The crewman was testifying at a federal trial in Virginia.

He revealed one crew member had his genitals painfully tied together with plastic ties and that he himself was threatened with the same action if he didn’t tell them where extra fuel on board the ship was hidden, although he repeatedly told them there wasn’t any.

Dereglazov was also hung from a meat hook inside the ship’s freezer while half-clothed and had his feet and hands tied together for hours under the hot sun.

Alleged pirate Mohammad Saali Shibin, 53, is facing charges of piracy and hostage-taking.

Prosecutors said Shibin’s role aboard the Marida Marguerite was that of a hostage negotiator and that he briefly served as a guard, making him the highest-ranking pirate they have ever arrested and brought to trial.

Last week, prosecutors played recorded phone calls Shibin made to a negotiator for Marida Marguerite’s owners.

In them, he said he was not a pirate and that he was only concerned about the ship’s crew.

He warned that the pirates had no regard for the integrity of the ship, that they could have inadvertently blown it up by smoking onboard and that piracy is considered a noble thing in Somalia.

“When a pirate hijacks a ship, instead of condemning him, and telling him that he’s a criminal, no, his people will call him our hero,” he said in one of the calls.

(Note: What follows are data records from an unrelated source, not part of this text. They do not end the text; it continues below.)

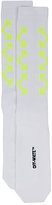 Thumbnail for your product : Off-White Men's Arrow-Pattern Mid-Calf Socks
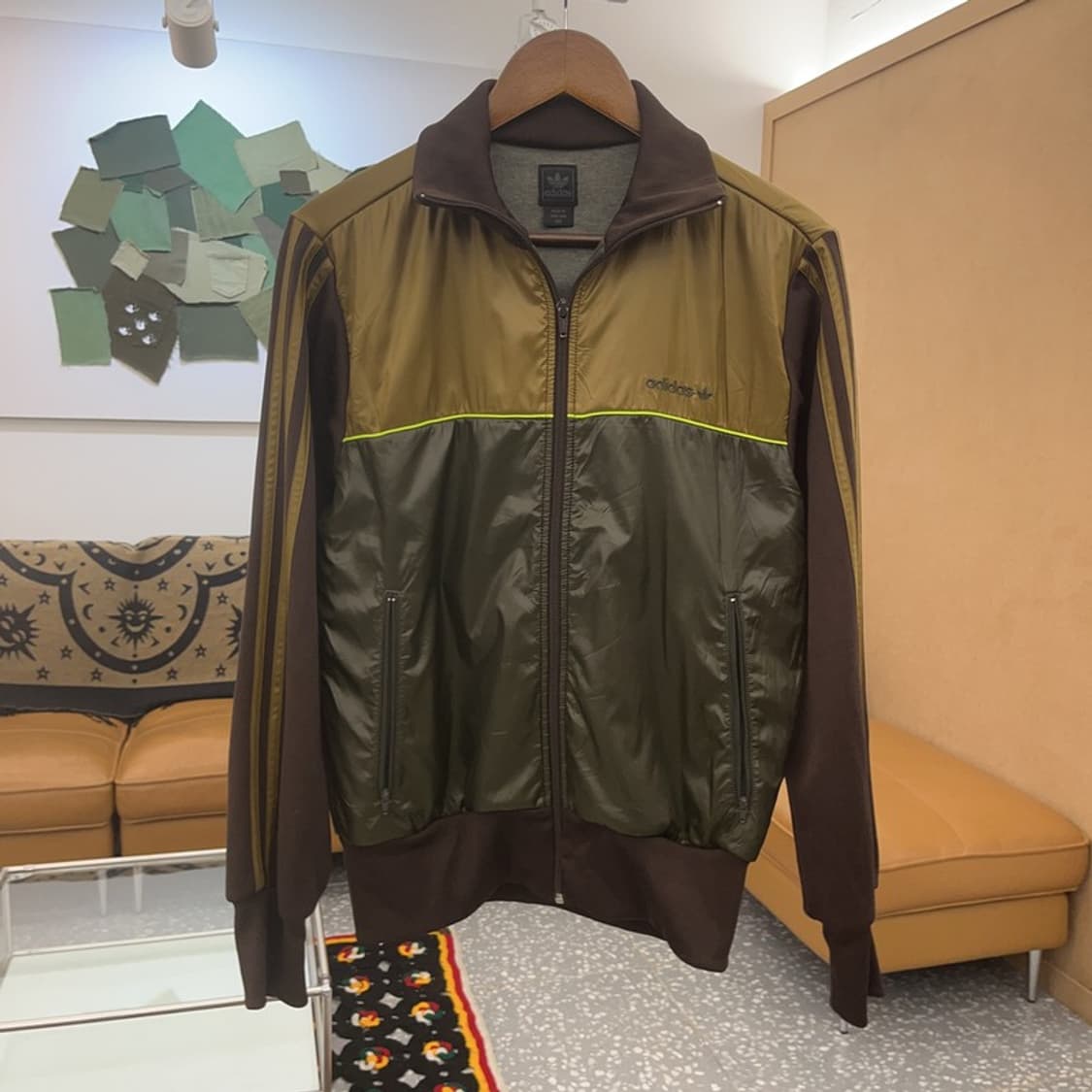 아디다스 Y2K 올드스쿨 팹믹스 카키초코 바람막이 자켓 95 C07879 상품이미지3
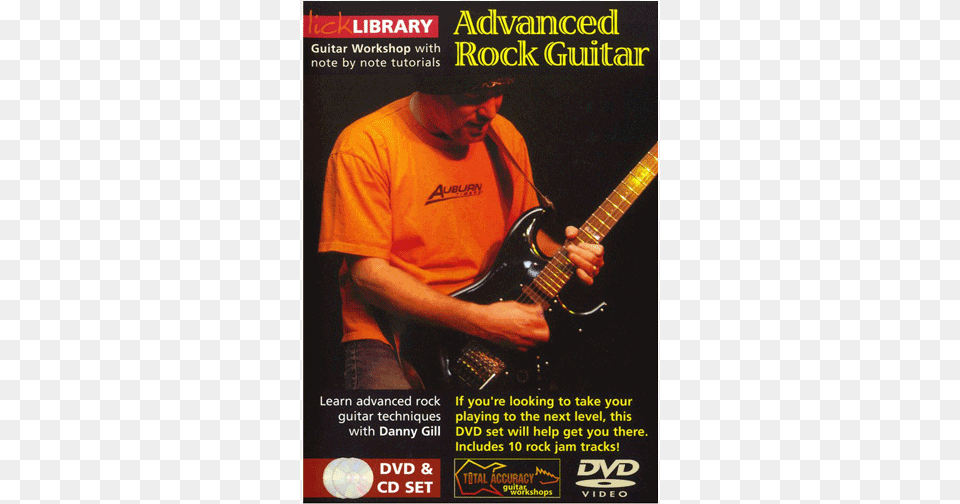 Lick Library Advanced Rock Guitar Dvd Dngdvd3 Advanced Rock Guitar Region 1 Import Dvd, Adult, Male, Man, Musical Instrument Png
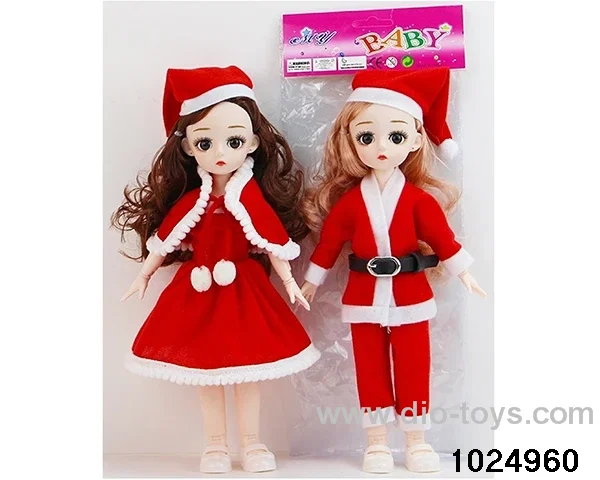 12 inch 12 joints barbie doll in PP bag with header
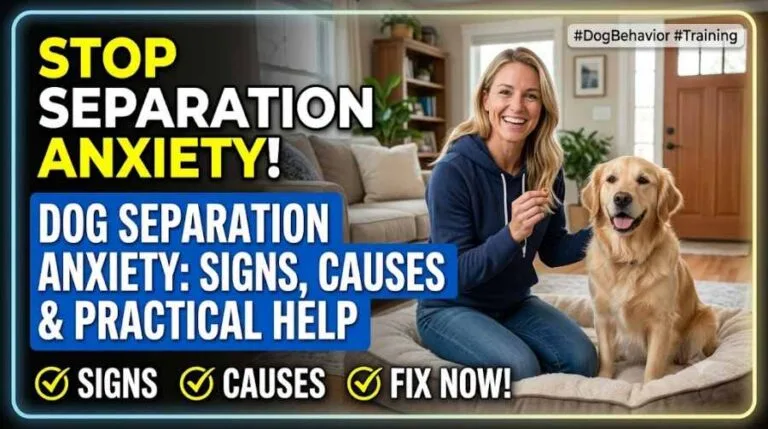 Separation Anxiety in Dogs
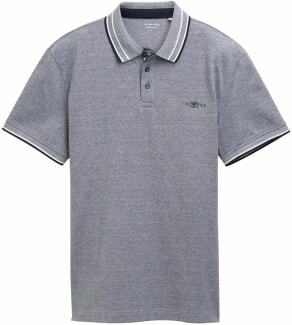 TOM TAILOR Polo with Print póló, rövid ujjú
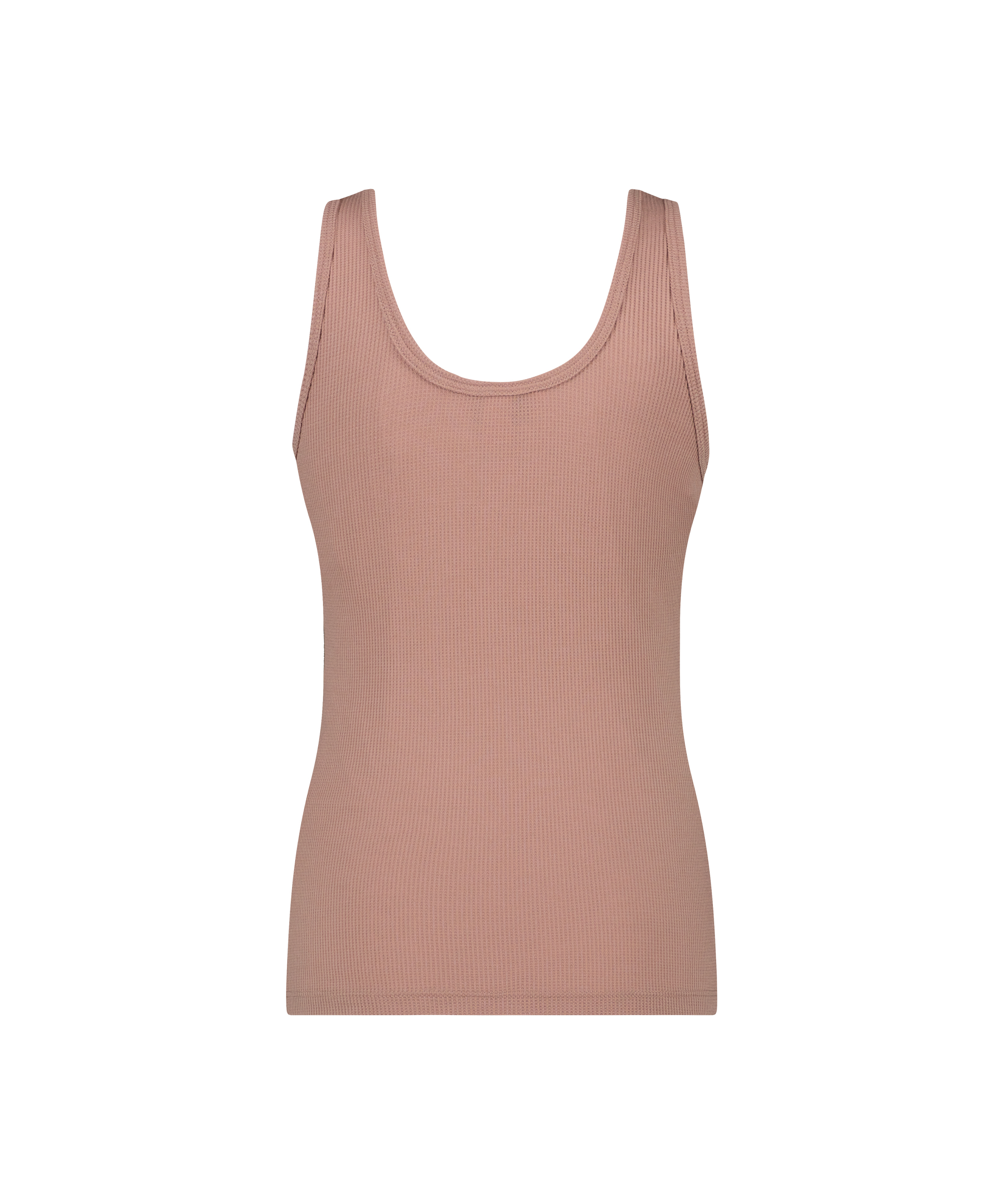 Singlet Henley, Marron, main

In another recording, the ship’s captain said that Shibin was the one who was protecting the ship’s crew from the pirates, but in later testimony he said he was forced to say that by Shibin.

The master also said he was forced to tell his company’s negotiator that if the pirates’ demands weren’t met within 24 hours, then the crew would be handed over to the terrorist organisation Al-Shabaab and shot and killed.

Shibin’s court-appointed attorney, James Broccoletti, didn’t dispute that Dereglazov or some of the other 22 crew members were tortured.

But he said Shibin was merely on board to serve as a mediator between the pirates, the crew and the ship’s owner and that he had made a mistake when he accepted $30,000 for his time after the hostages were released.

The ship was ultimately ransomed for $5m.

Shibin said in the phone calls that they had to spend $700 to $800 a day just on supplies for the pirates and the crew.

Broccoletti said that some of the hostages got along well with Shibin and that he would sometimes let them use his cellphone when other pirates weren’t watching. As a ‘gift’, he let Dereglazov call his family on his birthday.

Prosecutors noted that Dereglazov kept details of what happened in a diary that he disguised with technical notes.

The trial is expected to last several weeks.